Figure 5.1: Unusual download spikes on 2014 and 2018.
Then let’s have a closer look into these two spikes. First, we focused on the spike on 2014-11-17. From Table 5.1, we could see that the downloads of top downloaded R-packages on this day differs little, so it’s not due to certain package.
package | n |
---|---|
BayHaz | 767035 |
clhs | 660298 |
GPseq | 394840 |
OPI | 382518 |
YaleToolkit | 370513 |
survsim | 224994 |
BAT | 40592 |
Rcpp | 3509 |
ggplot2 | 3167 |
plyr | 3150 |
Table 5.2 shows the downloads from different countries. It is obvious that downloads from Indonesia is much more than any others, which indicates the most downloads are from Indonesia.
country | n |
---|---|
ID | 2863576 |
US | 96336 |
CN | 32729 |
DE | 14548 |
FR | 11860 |
GB | 10491 |
IN | 8635 |
HK | 8090 |
BE | 7720 |
KR | 6794 |
Furthermore, we also checked the IP address in Table 5.3, downloads from ip3758
is much higher than others. So, it seems that most of the downloads are owing to one certain IP.
ip_id | n |
---|---|
3758 | 2863432 |
11536 | 6244 |
11725 | 5992 |
16385 | 5991 |
534 | 5986 |
3784 | 5983 |
18519 | 4511 |
80 | 2124 |
27 | 1892 |
464 | 1375 |
Next, let’s turn to the one in 2018. Table 5.4 shows the downloads from tidyverse is much higher than others with nearly three orders of magnitude.
package | n |
---|---|
tidyverse | 11692582 |
Rcpp | 16263 |
stringi | 13981 |
rlang | 13796 |
ggplot2 | 13306 |
dplyr | 13081 |
glue | 12593 |
digest | 12302 |
stringr | 11505 |
fansi | 11275 |
As for the country, from Table 5.5 we could know that US is much higher than any other country.
country | n |
---|---|
US | 12140853 |
NA | 179847 |
GB | 76624 |
IN | 51502 |
CN | 46095 |
TR | 36590 |
AU | 35078 |
DE | 32837 |
CA | 31125 |
KR | 30469 |
Finally, the most interesting finding is in IP address displayed in Table 5.6. Several consecutive IPs have highly distinguished downloads. It seems that they are from same person, or it is also probably a server test issue in the same short period of time.
ip_id | n |
---|---|
266 | 3034720 |
263 | 2457383 |
655 | 2099321 |
264 | 1557640 |
267 | 1406876 |
265 | 1032535 |
2 | 179711 |
268 | 99932 |
112 | 34397 |
3296 | 17223 |
To sum up, we found that these two unusual spikes have one thing in common, that is, most of the downloads came from a specific country. The difference is that in 2014, a large number of downloads came from several different R-packages, while in 2018, they came from only one package tidyverse
. In addition, in 2014, a large number of downloads came from one IP, while in 2018, they came from several consecutive IPs, At this point, we guess it should come from the same person, and it is likely to be sever test issue, for it may be not necessary or reasonable for an individual to generate such a large quantities of downloads in one day.
Finding 2: There is an increasing number of downloads over time. This likely attests to the growing number of R users.
Figure 5.2 shows the download trend of all R-packages on CRAN over time after fixing the unusual spikes. It shows an upward trend over time, and the variance also increases with the download count, which means the volatility of the data is increasing.

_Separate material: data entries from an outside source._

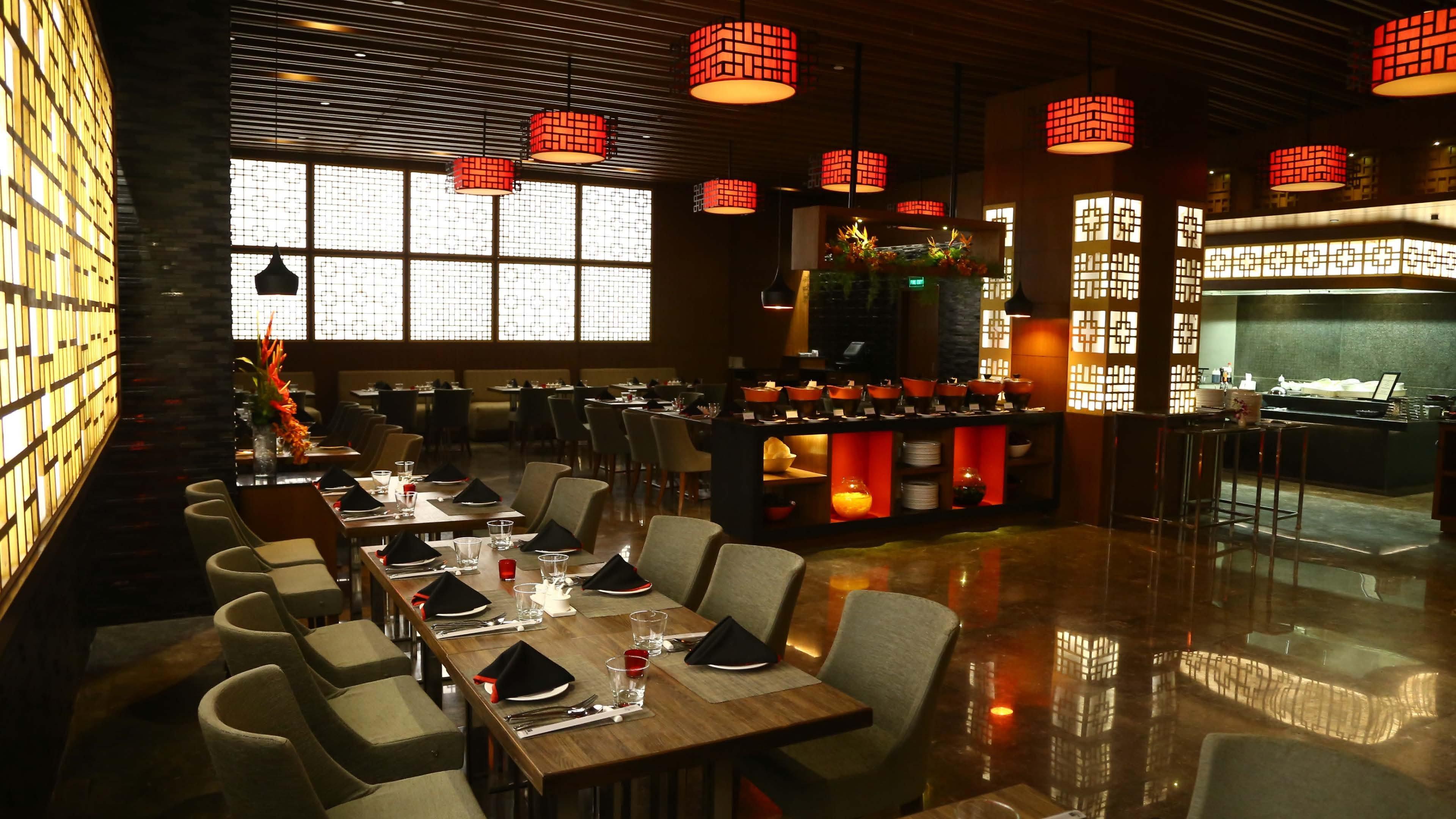 Holiday Inn New Delhi Mayur Vihar Noida By Ihg Nova Deli Exterior foto The restaurant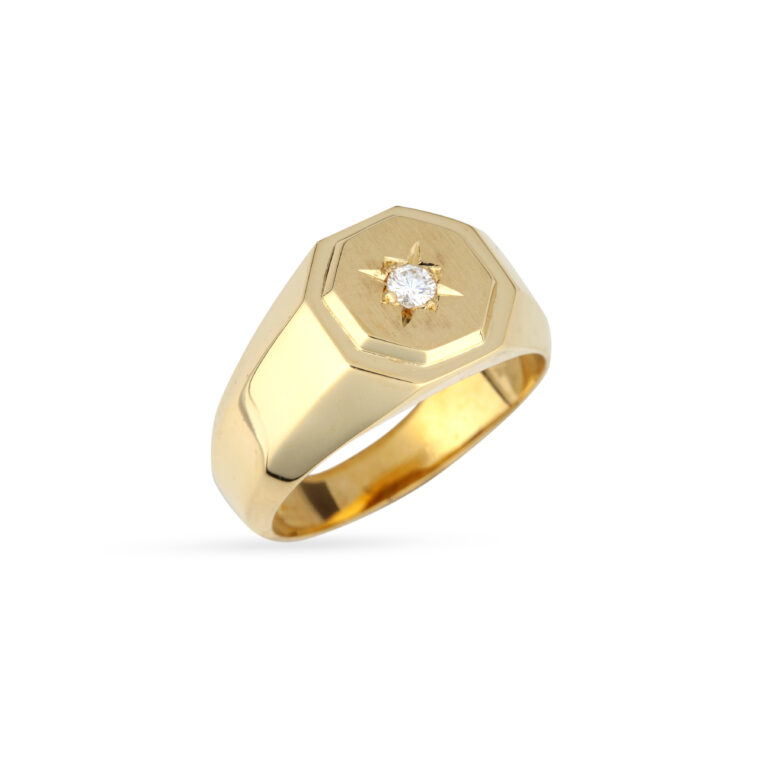 Ανδρικό δαχτυλίδι απο κίτρινο χρυσό Κ18 με brushed και γυαλιστερό φινίρισμα και ένα στρογγυλό διαμάντι μπριγιάν stella ring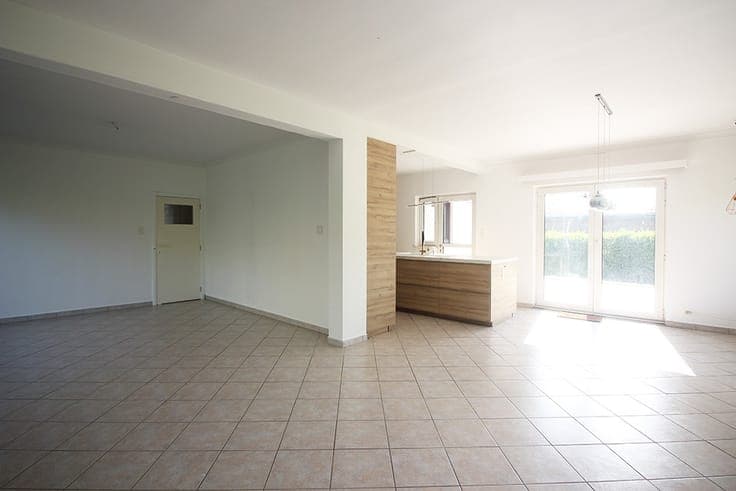 Move-in-ready, energy-efficient home with a sunny garden
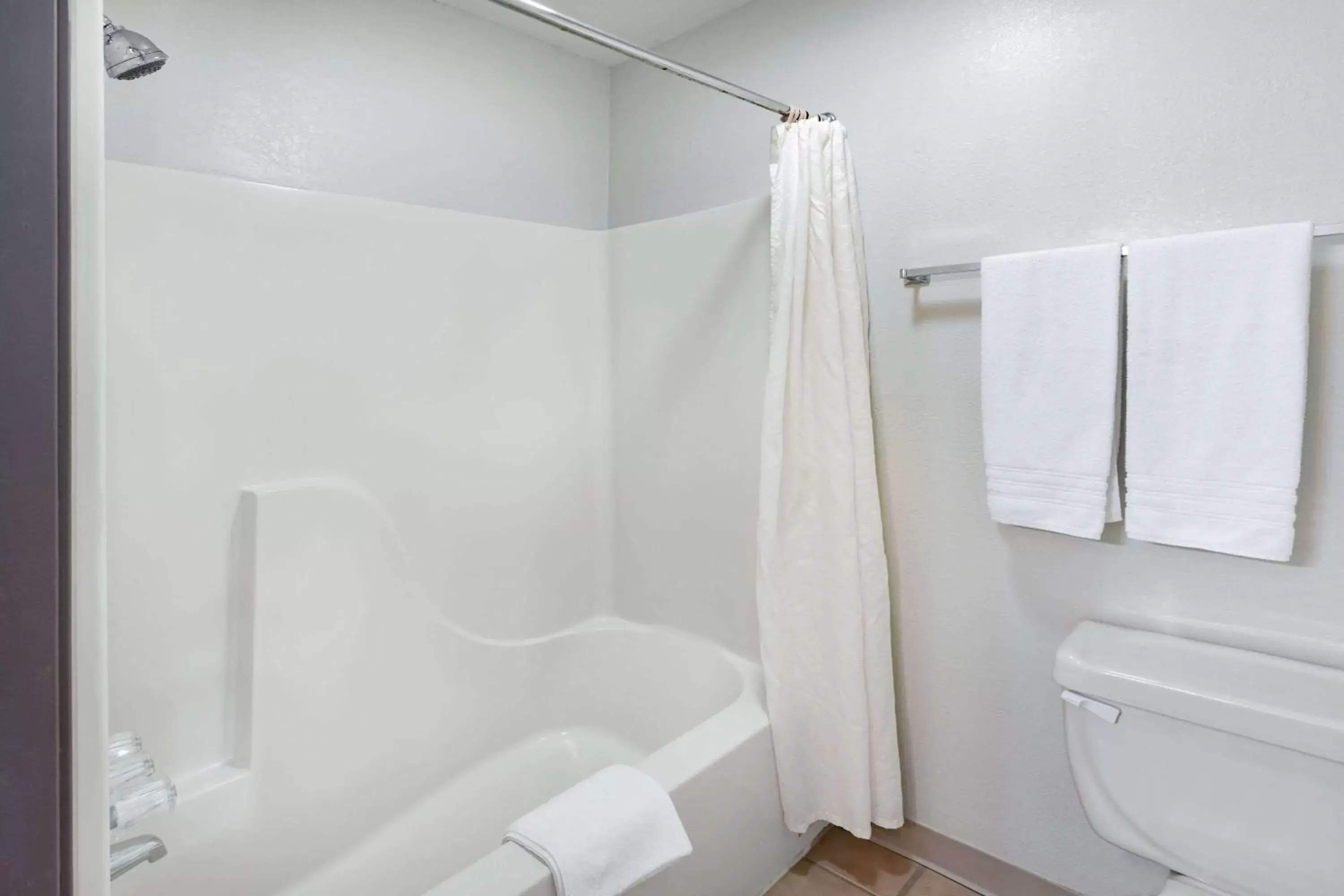 TV and multimedia, Bathroom in Super 8 by Wyndham Kinder/Coushatta near Casino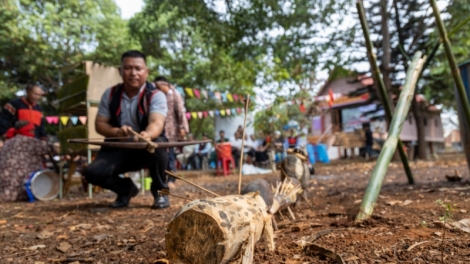 Bơjak hyu pĕ añăm glai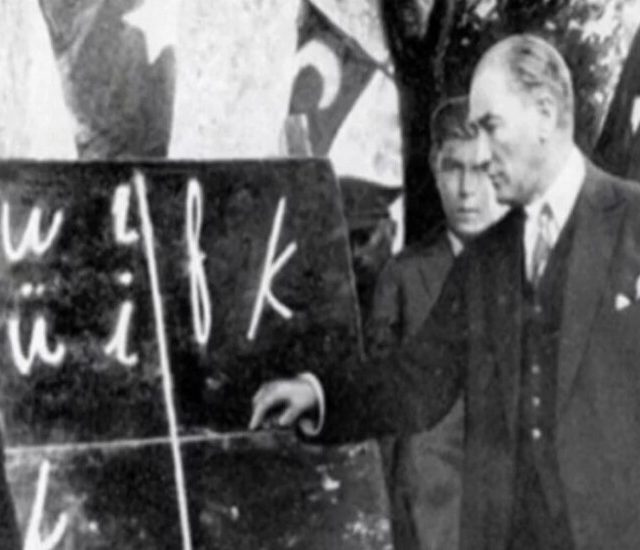 Atatürkün İzinde Bir Çocuk Sevinsin Dünya Değişsin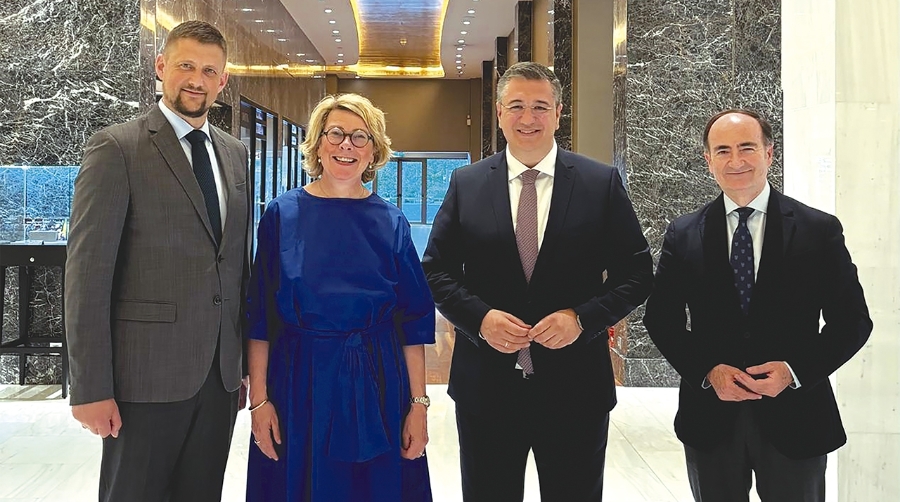 El Comisario Europeo de Transporte participa en la ESPO Conference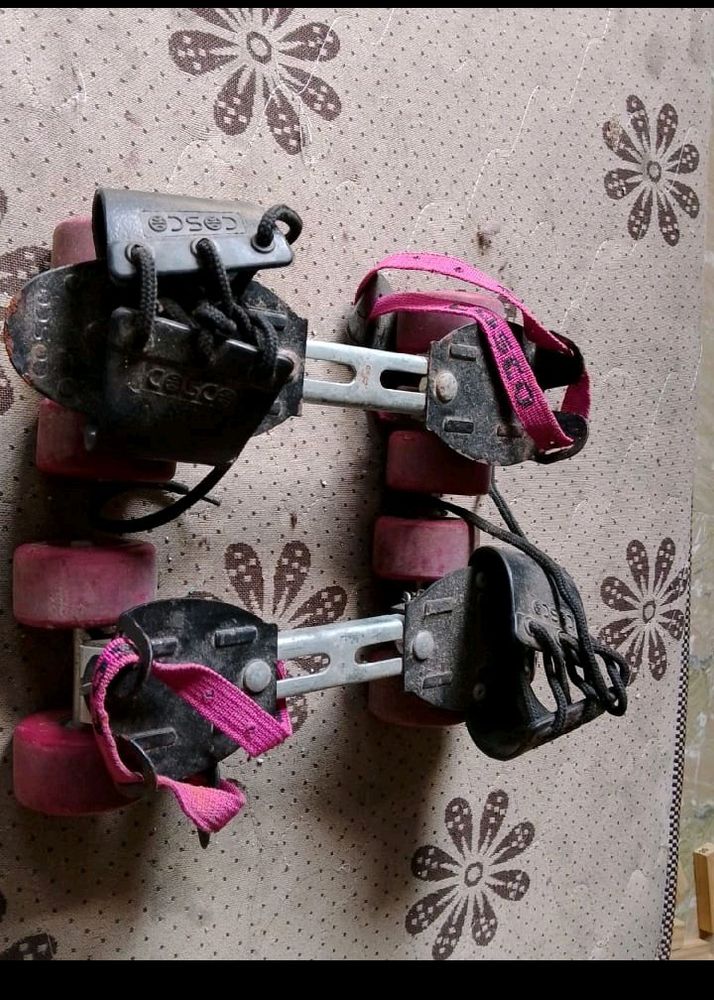 Cosco Skates Barely Used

Figure 5.2: The download trend of all R-packages on CRAN over time.
Finding 3: Weekends have a lower download than weekdays.
To have a closer look at the weekly pattern, figure 5.3 shows the daily downloads of all CRAN R-packages from the RStudio mirror with the grey areas highlighting the weekend.
To be more specific, we could know that except for 2012 and 2013, the patterns of other years are very similar, that is, they all show strong weekly seasonality. To be more detailed, in 2012, the download logs showed an overall upward trend, because more and more users began to download R-packages from CRAN after its open. In the following years, there is no obvious trend in download volume, but a strong seasonality, which indicates that in a week, the total downloads always increases first then decreases, and reaches the lowest at the weekend. Although the pattern of 2013 is more volatile, it still conforms to that. We think for 2013, that is because CRAN is only open for a short time at this time, and the amount of data downloaded is not adequate to show its download pattern very clearly. Considering this, we could see that after 2016, the pattern of each year is quite consistent, for the total download has been increasing year by year. Back to weekly seasonality, that is because people are more likely to download and use packages in weekdays, and rest on weekends. And that’s why the trough of download curve always occurs on weekends. In addition, we could also notice that the lowest downloads across the year are always at the end of December and the beginning of January, probably due to the Christmas and New Year’s holidays. What’s more, the downloads is on the rise from August to October and from February to April, which covers the start of semester for most universities.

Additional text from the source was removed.